Exercise brief
Print the listing below only from the line that has "Mousepad Padrão Celestial Cosmic Galaxy" through the line that has "Callisie - Dresser", exactly, and drop any picture.

---

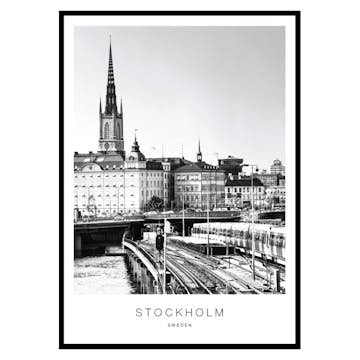 Poster Gallerix Stockholm No2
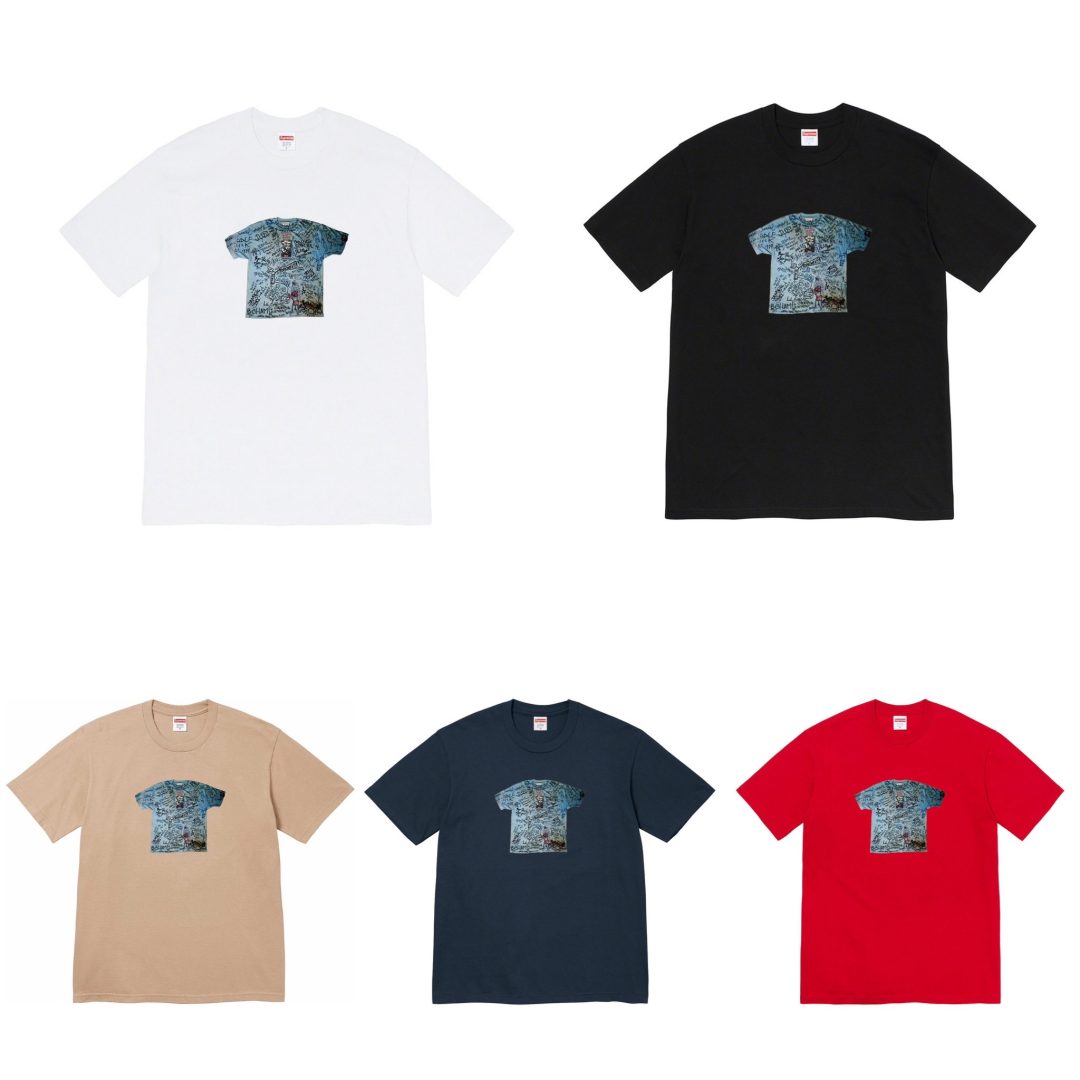 supreme-24ss-30th-anniversary-first-tee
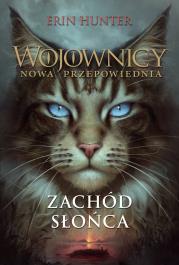 Okładka książki Wojownicy. Nowa przepowiednia T.12 Zachód słońca
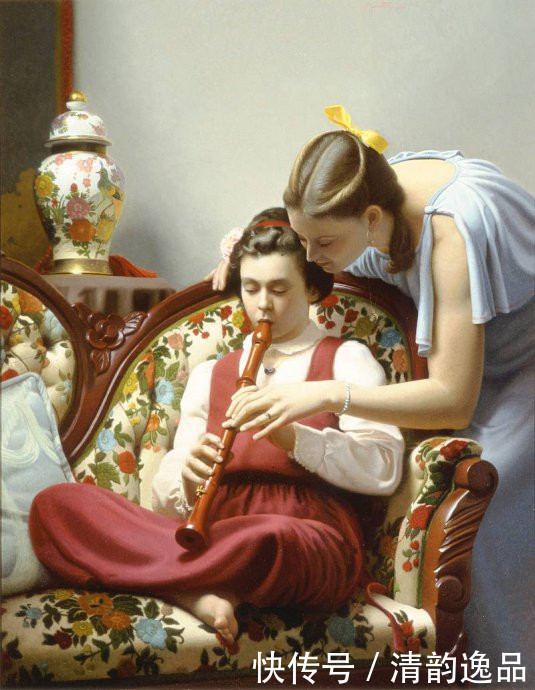 美国|美国写实主义画家斯蒂芬·杰特森油画作品欣赏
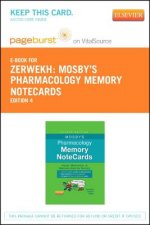 Mosby's Pharmacology Memory Notecards Pageburst E-book on Vitalsource Retail Access Card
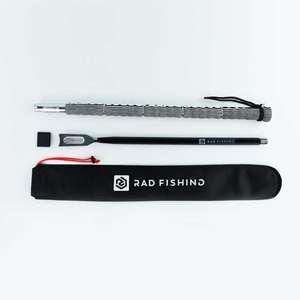 래드피싱 2단 얼음끌 겨울낚시 빙어낚시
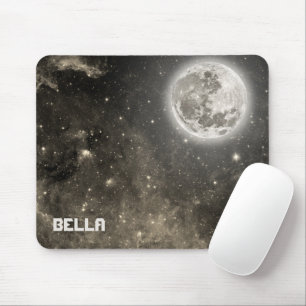 Mousepad Padrão Celestial Cosmic Galaxy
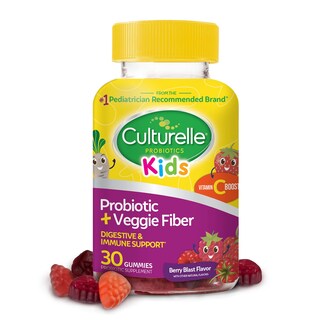 Foto 1 | Probiotic Culturelle Daily Para Niños Y Gomitas De Fibra Vegetariana - Venta Internacional.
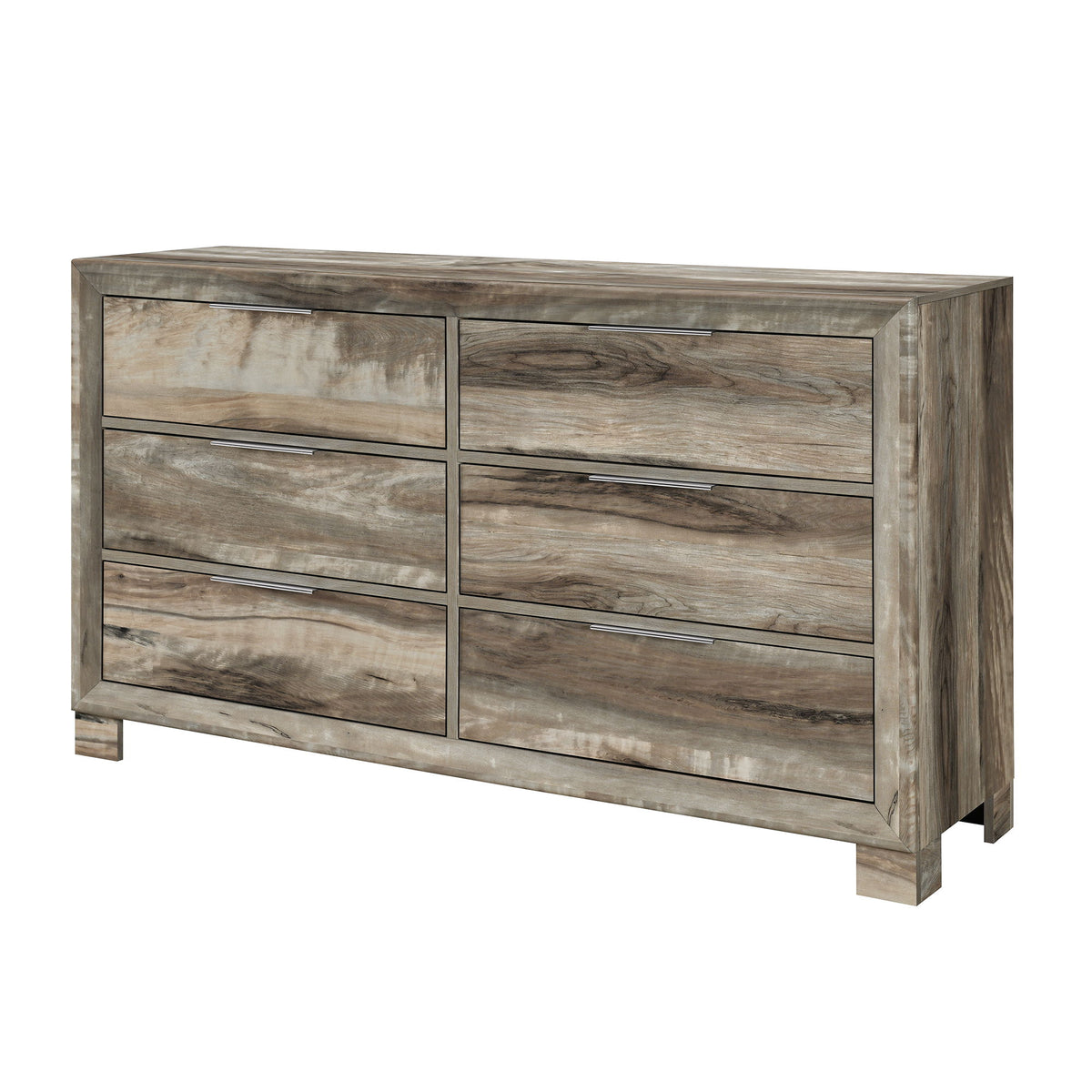 Callisie - Dresser With Spacious Drawers - Brown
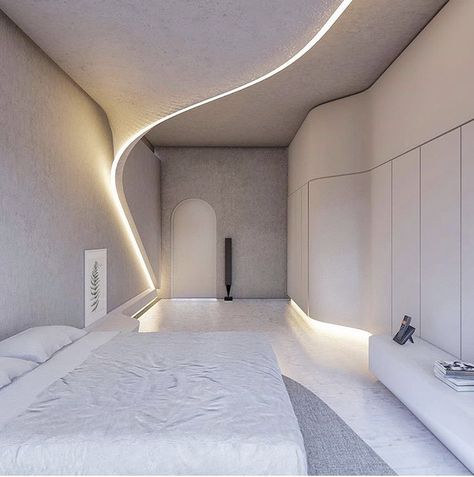 Guest Room Design, Hotel Room Design, Futuristic Interior, Interior Wall Design, Yacht Design, False Ceiling Design, Office Interior Design, Bed Room, Ceiling Design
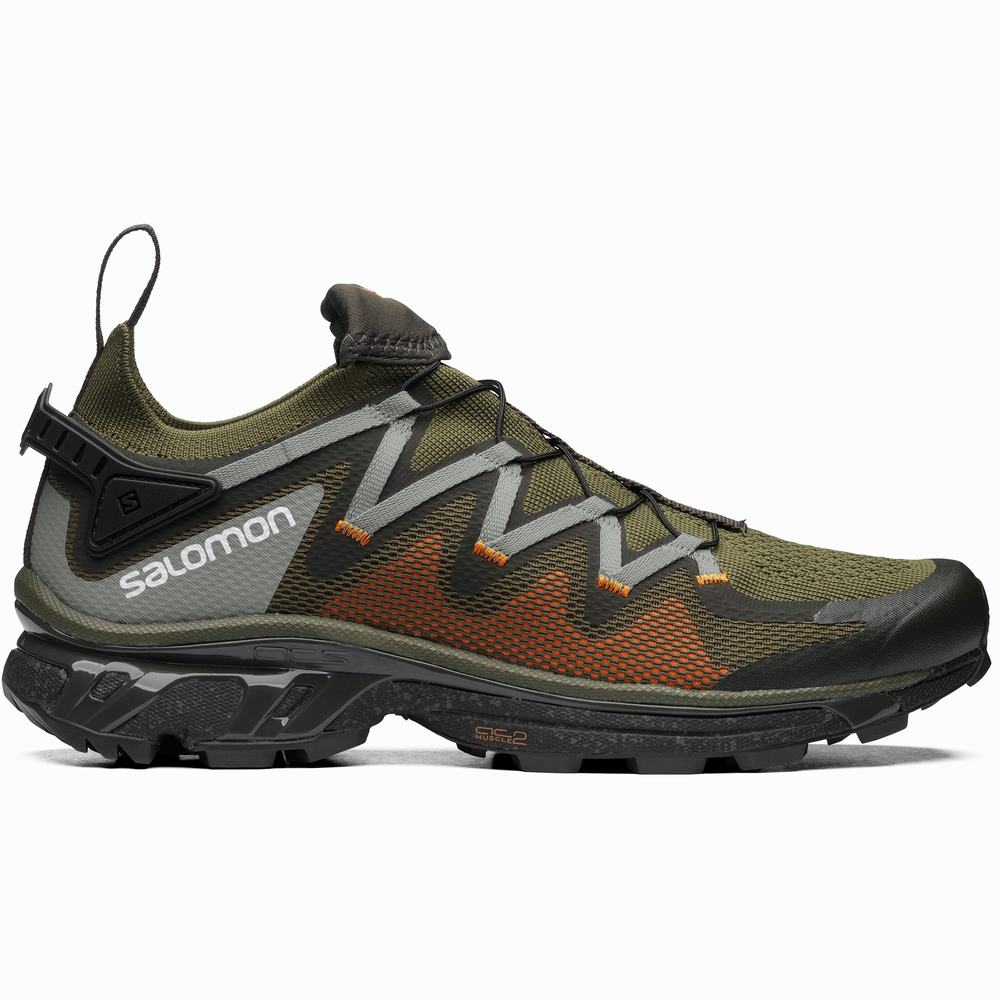 Dámské Tenisky Salomon Xt-rush Olive/Orange | CZ-3950872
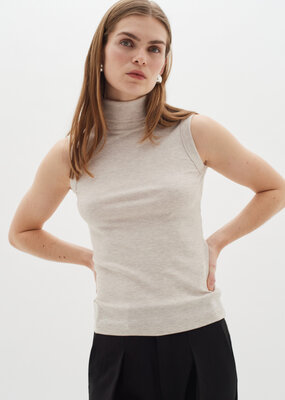 InWear Dagna Ribbed Rollneck Tank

---

Result
 Mousepad Padrão Celestial Cosmic Galaxy
 Foto 1 | Probiotic Culturelle Daily Para Niños Y Gomitas De Fibra Vegetariana - Venta Internacional.
 Callisie - Dresser With Spacious Drawers - Brown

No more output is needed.